Williams Team Principal James Vowles has admitted that it is unlikely to take “big steps” up the pecking order until the Formula 1 regulations are overhauled in 2026.
Having been rooted to the bottom in four out of the last five years prior to Vowles’ arrival, the Grove-based squad is aiming to build on a promising 2023 season that saw it amass 28 points to clinch seventh in the standings.
While Vowles, who was appointed on the eve of the campaign, came in too late to influence the FW45, the Briton orchestrated the allocation of resources towards 2024.
Williams only introduced a sole upgrade in Canada, the seventh round of the year, resulting in a vastly improved AlphaTauri outfit almost pipping it in the closing rounds.

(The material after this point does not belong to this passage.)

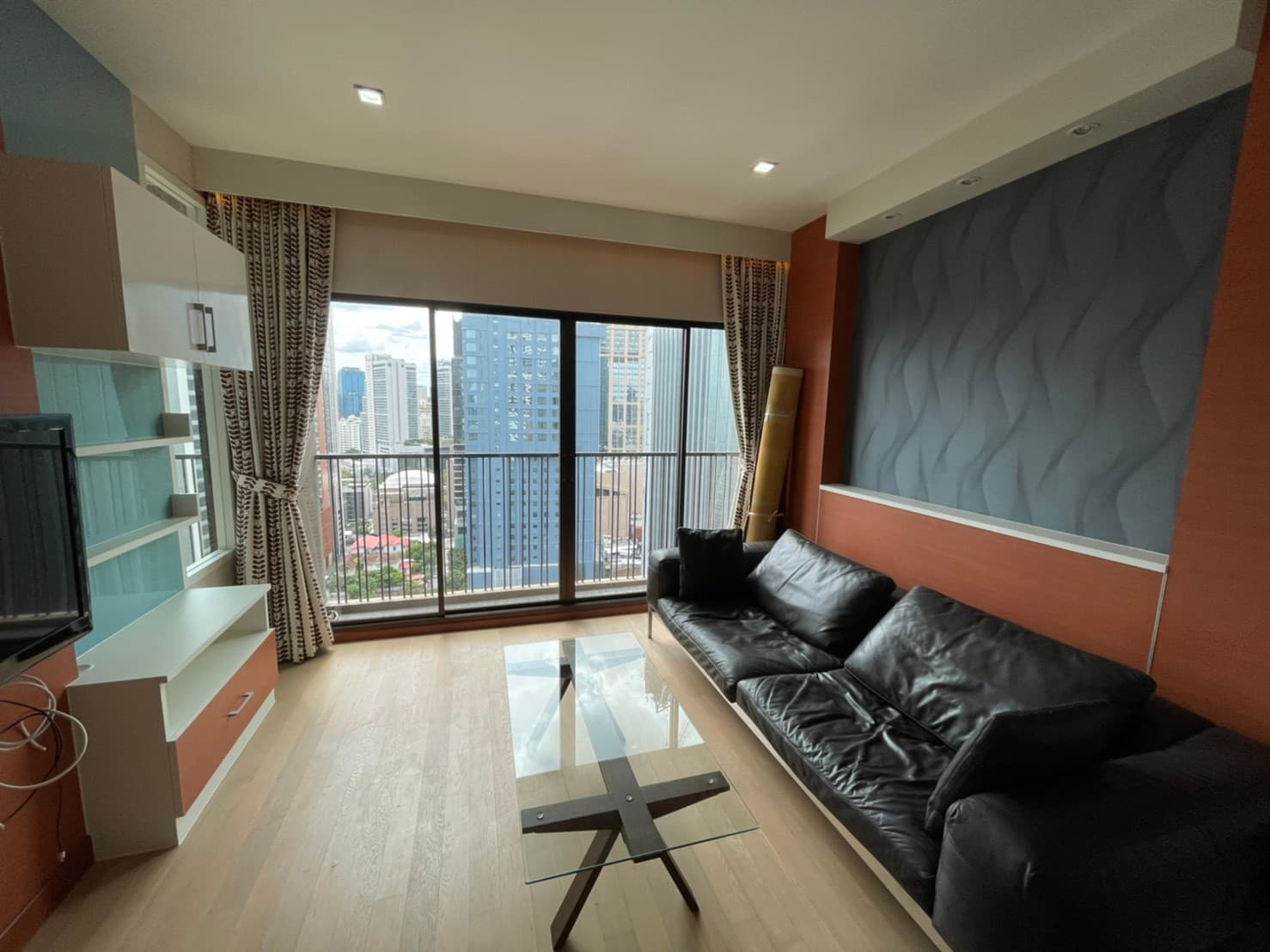 11113 – 121_living_room.jpg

Vowles believes that decision will pay dividends in unlocking more downforce but also addressing the persistent behavioural traits that had regularly hampered its drivers.
“We’ve added downforce, but actually the main thing we’ve been working on is the behaviour and characteristics of the car,” Vowles told Autosport about the 2024 car.

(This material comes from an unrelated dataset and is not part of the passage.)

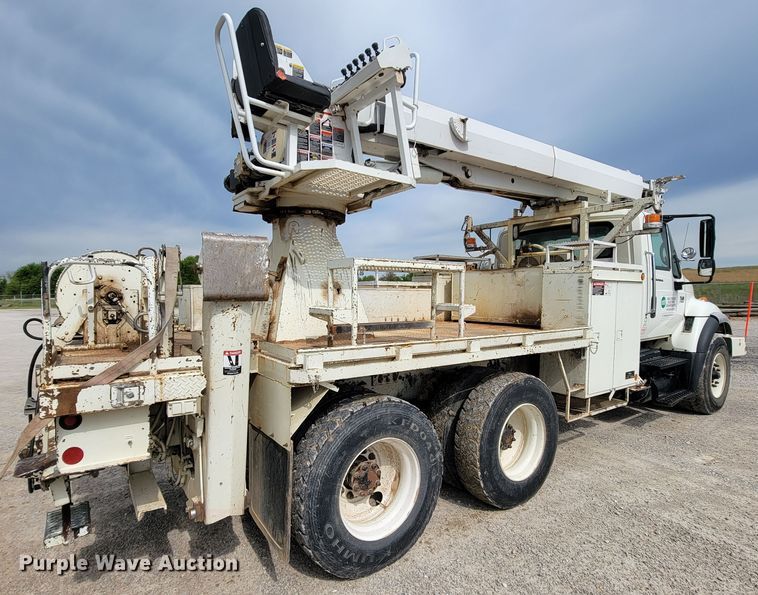 image for item IF9776 2007 International 7400  digger derrick truck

“I think there’s quite an untapped potential in that, so we can move forward. How much is hard to say though.”
Despite the remarkable progress produced by Aston Martin and McLaren last season, Vowles is aware that replicating such headway will be no mean feat for Williams.
Instead, the ex-Mercedes Strategy Director cites that he is preparing the team to optimise the upcoming reset to the technical rules when sizeable gains can be made.

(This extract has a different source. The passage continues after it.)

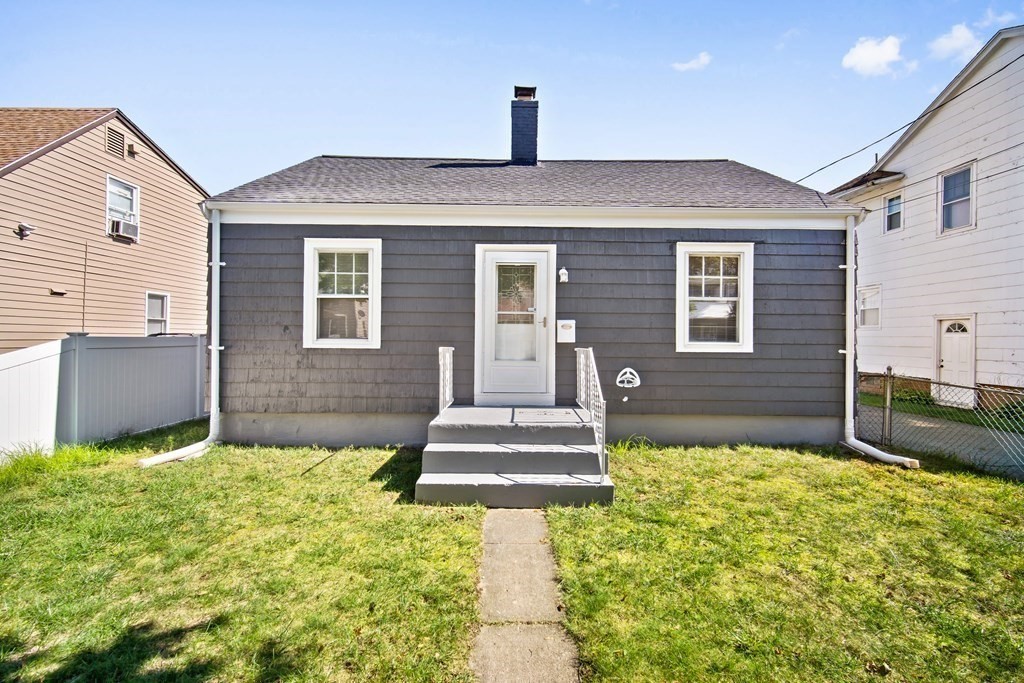 55 Edendale Street Springfield, MA 01104 - Photo 2 of 11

“I’m happy with the work we’re doing, but I bet you if you interview everyone up and down the grid they’ll go: ‘I’m happy with the work we’re doing.’ That normally tells you you’re going to maybe squeak forward a little bit, but that’s about it,” he acknowledged.
“The big steps really come with regulation change. 2026 will be the first opportunity for us to properly step forward.”
Vowles successfully combated F1’s rule-makers to relax CapEx spending for those at the backend of the grid as Williams endeavours to invest more in its facilities.
But while he has already altered things both on the track and away from it, Vowles insists that the rewards of those changes will only be properly reaped further down the line.
“You can get dragged in very quickly to what I call the weeds, where you look at a problem and then start digging through it,” he elucidated. “But that’s ‘short-termism’, to be honest, because that problem is already the result of other systems that are wrong to start with.
“Pretty much everything we’ve changed is bringing in infrastructure and bringing in people, and it will take a long time before the ripples are felt as a result of it.”